## EXERCISE INPUTS
▬▬▬▬▬▬▬▬▬▬
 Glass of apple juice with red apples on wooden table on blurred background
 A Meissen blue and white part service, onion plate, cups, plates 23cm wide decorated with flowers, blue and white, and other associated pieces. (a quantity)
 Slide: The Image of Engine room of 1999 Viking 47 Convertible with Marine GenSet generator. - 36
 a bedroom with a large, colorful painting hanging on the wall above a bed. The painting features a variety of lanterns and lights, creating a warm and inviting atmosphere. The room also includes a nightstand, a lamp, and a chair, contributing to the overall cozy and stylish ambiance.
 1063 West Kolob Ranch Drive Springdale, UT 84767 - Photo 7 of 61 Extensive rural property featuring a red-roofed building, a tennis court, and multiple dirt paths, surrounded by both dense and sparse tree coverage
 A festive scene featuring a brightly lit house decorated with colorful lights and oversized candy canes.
▬▬▬▬▬▬▬▬▬▬
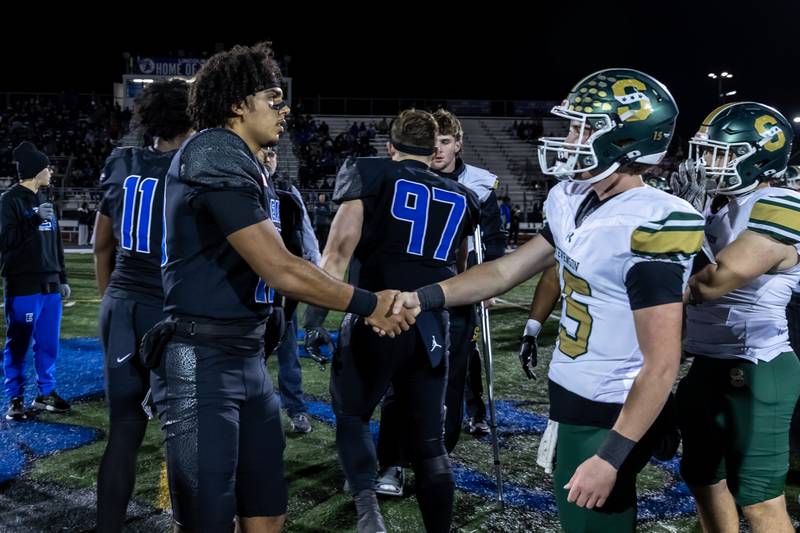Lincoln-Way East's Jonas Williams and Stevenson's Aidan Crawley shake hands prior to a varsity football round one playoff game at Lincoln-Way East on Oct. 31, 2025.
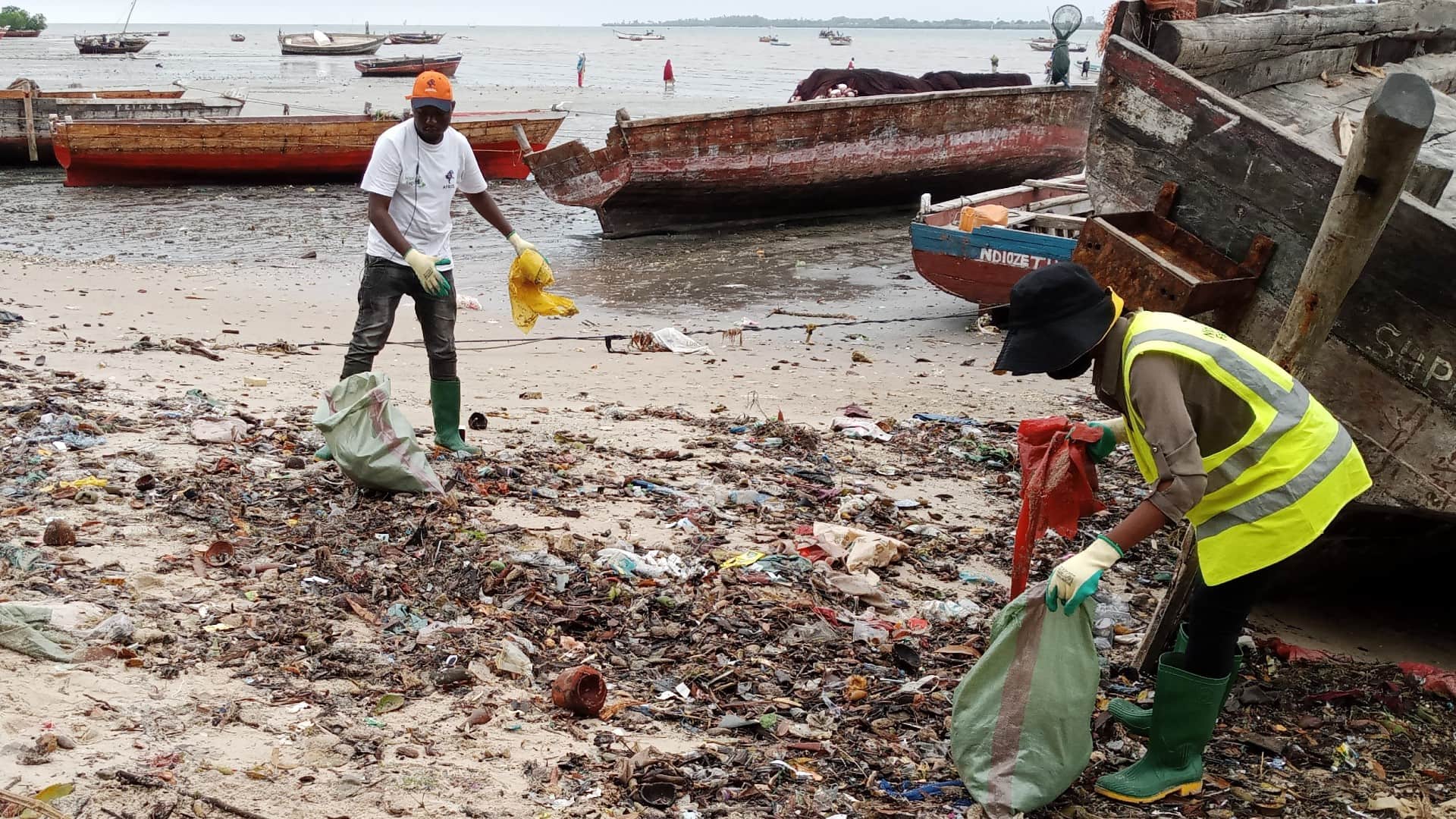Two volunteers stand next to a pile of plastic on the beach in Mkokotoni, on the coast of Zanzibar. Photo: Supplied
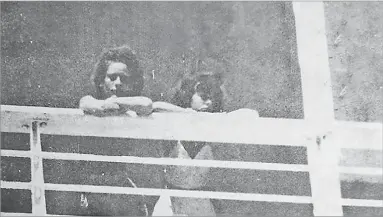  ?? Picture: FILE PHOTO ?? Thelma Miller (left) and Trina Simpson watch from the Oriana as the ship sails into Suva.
▬▬▬▬▬▬▬▬▬▬
## WORK TO COMPLETE
All lines above from the one holding "a bedroom with" to the one holding "A festive scene", inclusive, are to be copied exactly; no other line is wanted.

## YOUR SOLUTION
 a bedroom with a large, colorful painting hanging on the wall above a bed. The painting features a variety of lanterns and lights, creating a warm and inviting atmosphere. The room also includes a nightstand, a lamp, and a chair, contributing to the overall cozy and stylish ambiance.
 1063 West Kolob Ranch Drive Springdale, UT 84767 - Photo 7 of 61 Extensive rural property featuring a red-roofed building, a tennis court, and multiple dirt paths, surrounded by both dense and sparse tree coverage
 A festive scene featuring a brightly lit house decorated with colorful lights and oversized candy canes.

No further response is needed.